Elizabeth Lawrence’s taste in garden literature ran in a more down-home direction. Her Gardening for Love (polished and published after her death by Allen Lacy—the third name on my Top Three Garden Writers list) focuses on the advertisements of country farmers and farm wives in agricultural market bulletins. I tried very hard, one summer during graduate school, to track down some of these old bulletins, but that was before the Google and my search was unsatifactory. You can probably get them on eBay now, but I haven’t looked.

Ha, I couldn’t resist, I’ve just gone and looked. Not at eBay: a Google search for “market bulletins” turned up a link to the Louisiana Dept. of Agriculture’s current market bulletin, which you can download just like that. The ads—to which I turned immediately, since those were Miss Lawrence’s special fascination—read exactly like the ones she quotes from the ’50s and ’60s.

“Belinda’s dream rose, knock roses, 6 colors, drift ground cover roses, Little John bottle brush kaleidoscope abelia, Lady Banks roses, Shishi camellia, in 3-gal. containers, $10-$18/1; 30 varieties azaleas-camellias, $4-$25/1. L— C—, Husser, Tangipahoa Parish.”

This very same Louisiana Market Bulletin makes numerous appearances in Gardening for Love.
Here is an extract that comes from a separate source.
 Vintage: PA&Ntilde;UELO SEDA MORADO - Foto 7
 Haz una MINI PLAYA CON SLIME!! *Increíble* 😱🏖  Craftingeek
And I know this post is already a giant game of Six Degrees of Separation (where perhaps E. B. White stands in for Kevin Bacon?), but there’s another literary connection worth mentioning: it was Elizabeth Lawrence’s friend Eudora Welty who first introduced her to the market bulletins.

“Years ago Eudora Welty told me about the old ladies who sell flowers through the mail,” writes Miss Lawrence in the opening chapter of Gardening for Love. “She put my name on the mailing list.”

She continues:

Like Eudora’s novels, the market bulletins are a social history of the Deep South. Through them I know the farmers and their dogs, their horses and mules, and the pedigrees of their cattle. I wonder whether the widow with no family ties found a home with an elderly couple needing someone to take care of them; whether the bachelor with no bad habits found a congenial job where the hunting and fishing were good; whether puppies got homes and lost dogs were found. And I wonder who bought the little farm with the pecan trees and good clear well water.

Most of all I like to think about the hard-working farm women who are never too tired, when their farm work is done, to cultivate their flowers gardens. They always find time to gather seeds, to dig and pack plants, and to send them off with friendly letters. To all parts of the country they send them off—yard plants, houseplants, and window plants. Reading the flower lists is like reading poetry, for the flowers are called by their sweet country names, many of them belonging to Shakespeare and the Bible.

Elizabeth Lawrence seems to have enjoyed the correspondence with her “hard-working farm women” as much as she loved their flowers, for the letters she received from them play a huge part in Gardening for Love. “The farm women are great letter writers,” she says, “and usually answer (delightfully and often at length) if a stamped and addressed envelope is enclosed.”

Of course, reading about these correspondences now, in 2012, I can’t help but think about the changed landscape of letters. I’ve never been very good, myself, at putting literal pen to actual paper, let alone following through with a stamp. Take away my keyboard and I go mute. We talk to each other now in blog posts and comment boxes, and in emails, IMs, texts, tweets, status updates—and this thrills me. I’m not a communications neo-Luddite. I love that we have so many ways to connect, nowadays. Still, it’s hard to imagine a collection of emails filling me with the same kind of soaring joy I feel at holding the White-Lawrence correspondence in my hands. “Dear Miss Lawrence,” writes Katharine in reply to Elizabeth’s first missive, “it was delightful to get your your letter…”

Yes, it really was. Now if you’ll excuse me, I think I’ll go read letter number three.